Compute Profile and Compute

Compute Profile

A Compute Profile is a collection of default configurations for compute resources. You can think of it as a machine configuration or a blueprint for when PaletteAI deploys a cluster through Palette. Compute profiles are namespaced, which means you can have different compute profiles for different projects.

A project must reference a compute profile upon creation. The values configured in the compute profile are also used by both approaches of deploying an MLPlatform, either through the PaletteAI User Interface (UI) or through a Kubernetes YAML manifest.

The compute profile referenced by the project plays a critical role in the UI as it allows data scientists and business users to deploy an MLPlatform without having to configure infrastructure-specific details.

A compute profile can reference the following resources:

Infrastructure provider-specific configurations, such as Edge.
A Settings resource containing Palette integration settings. By default, if no settings are configured, PaletteAI will default to the project's configured settingsRef.
SSH keys for node access
ControlPlaneDefaults for control plane node configuration
WorkerPoolDefaults for worker node configuration
GPULimits for GPU limits per GPU family
MinWorkerNodes for minimum worker node requirements

Click to view an example compute profile configuration

apiVersion: palette.ai/v1alpha1
kind: ComputeProfile
metadata:
  name: edge-compute-profile
  namespace: project-a
spec:
  # SSH keys for node access
  sshKeys:
    - 'ssh-rsa AAAAB3NzaC1yc2EAAAADAQABAAABgQC7... test-user@test-machine'
    - 'ssh-rsa AAAAB3NzaC1yc2EAAAADAQABAAABgQC8... admin@admin-machine'

  # Edge configuration for edge deployments
  edge:
    vip: '10.10.189.24'
    ntpServers:
      - 'time.google.com'
      - 'time2.google.com'
    networkOverlayConfig:
      enabled: false
      staticIp: true
      cidr: '192.168.1.0/24'
      overlayNetworkType: 'VXLAN'
    isTwoNode: false

  # Control plane defaults - required field
  controlPlaneDefaults:
    nodeCount: 3 # Must be 1, 3, or 5 to maintain quorum
    workerNodeEligible: false
    labels:
      'palette.ai': 'true'
    annotations:
      'control-plane-annotation': 'control-plane-value'
      'kubernetes.io/description': 'Control plane node'
    taints:
      - key: 'node-role.kubernetes.io/control-plane'
        effect: 'NoSchedule'

  # Worker pool defaults
  workerPoolDefaults:
    labels:
      'palette.ai': 'true'
    annotations:
      'worker-annotation': 'worker-value'
      'kubernetes.io/description': 'Worker node'
    taints:
      - key: 'worker-taint'
        value: 'true'
        effect: 'NoExecute'

  # Minimum number of worker nodes that must be provisioned
  minWorkerNodes: 2

  # GPU limits per GPU family that may be requested by an MLPlatform
  gpuLimits:
    'NVIDIA-H100': 6
    'NVIDIA-A100': 6

Infrastructure Providers

PaletteAI supports the following infrastructure providers:

Edge

The configuration settings exposed for Edge enable you to configure the same settings that you would when deploying an Edge cluster through Palette.

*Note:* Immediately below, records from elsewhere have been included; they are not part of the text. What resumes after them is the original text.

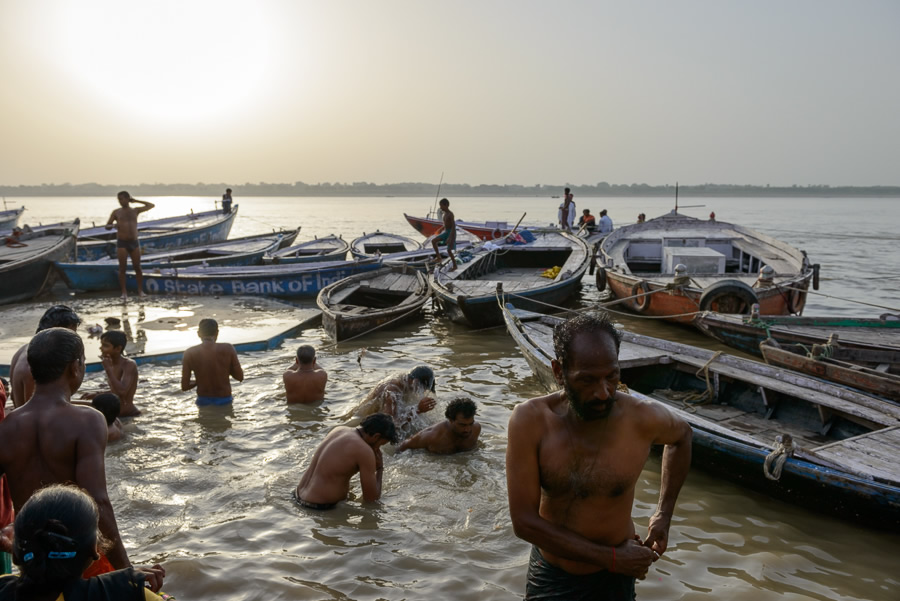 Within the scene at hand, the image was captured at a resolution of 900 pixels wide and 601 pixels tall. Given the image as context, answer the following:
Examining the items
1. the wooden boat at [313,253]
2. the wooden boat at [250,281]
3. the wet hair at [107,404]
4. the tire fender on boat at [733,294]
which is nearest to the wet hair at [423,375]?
the wet hair at [107,404]

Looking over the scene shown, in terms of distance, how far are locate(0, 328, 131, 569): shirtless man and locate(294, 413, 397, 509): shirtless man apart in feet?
6.85

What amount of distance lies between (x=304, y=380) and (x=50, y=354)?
453 centimetres

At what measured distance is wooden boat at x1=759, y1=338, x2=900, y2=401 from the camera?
643 centimetres

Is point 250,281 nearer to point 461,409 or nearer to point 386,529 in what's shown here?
point 461,409

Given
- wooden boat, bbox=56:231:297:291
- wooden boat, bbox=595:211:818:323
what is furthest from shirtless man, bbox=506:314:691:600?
wooden boat, bbox=56:231:297:291

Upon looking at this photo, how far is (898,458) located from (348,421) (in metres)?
4.96

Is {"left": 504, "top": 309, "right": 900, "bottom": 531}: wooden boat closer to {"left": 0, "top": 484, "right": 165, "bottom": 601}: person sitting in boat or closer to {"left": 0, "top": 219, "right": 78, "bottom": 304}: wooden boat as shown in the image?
{"left": 0, "top": 484, "right": 165, "bottom": 601}: person sitting in boat

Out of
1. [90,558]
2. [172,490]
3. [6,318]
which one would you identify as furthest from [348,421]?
[6,318]

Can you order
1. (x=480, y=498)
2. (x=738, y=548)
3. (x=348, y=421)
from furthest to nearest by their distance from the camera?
(x=348, y=421) → (x=480, y=498) → (x=738, y=548)

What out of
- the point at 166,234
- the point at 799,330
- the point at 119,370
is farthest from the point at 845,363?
the point at 166,234

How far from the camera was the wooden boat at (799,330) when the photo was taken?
7.95 meters

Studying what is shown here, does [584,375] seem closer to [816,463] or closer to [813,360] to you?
[816,463]

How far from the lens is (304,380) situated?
23.8 ft

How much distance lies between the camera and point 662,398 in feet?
22.3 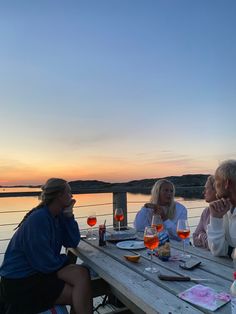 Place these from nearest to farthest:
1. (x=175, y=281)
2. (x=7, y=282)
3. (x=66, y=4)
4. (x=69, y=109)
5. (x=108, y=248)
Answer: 1. (x=175, y=281)
2. (x=7, y=282)
3. (x=108, y=248)
4. (x=66, y=4)
5. (x=69, y=109)

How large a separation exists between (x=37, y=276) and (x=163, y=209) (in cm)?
129

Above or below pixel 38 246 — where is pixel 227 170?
above

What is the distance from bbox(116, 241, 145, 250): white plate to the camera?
1.91m

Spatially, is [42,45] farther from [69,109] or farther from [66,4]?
[69,109]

The key difference is that the configuration settings are stored in the compute profile and are referenced by the MLPlatform during deployment. This is by design to reduce the complexity for a data science, ML researcher, or business user to configure the infrastructure settings when deploying an MLPlatform.

GPU Limits

A GPU limit is the maximum number of GPUs that can be requested by an MLPlatform. GPU limits are specified per GPU family. If you do not specify a GPU limit for a GPU family, the PaletteAI controller will not limit the number of GPUs that an MLPlatform can request.

For example, if you have a compute profile that specifies a GPU limit of 4 for the NVIDIA H100 GPU family, and an MLPlatform requests 6 NVIDIA H100 GPUs.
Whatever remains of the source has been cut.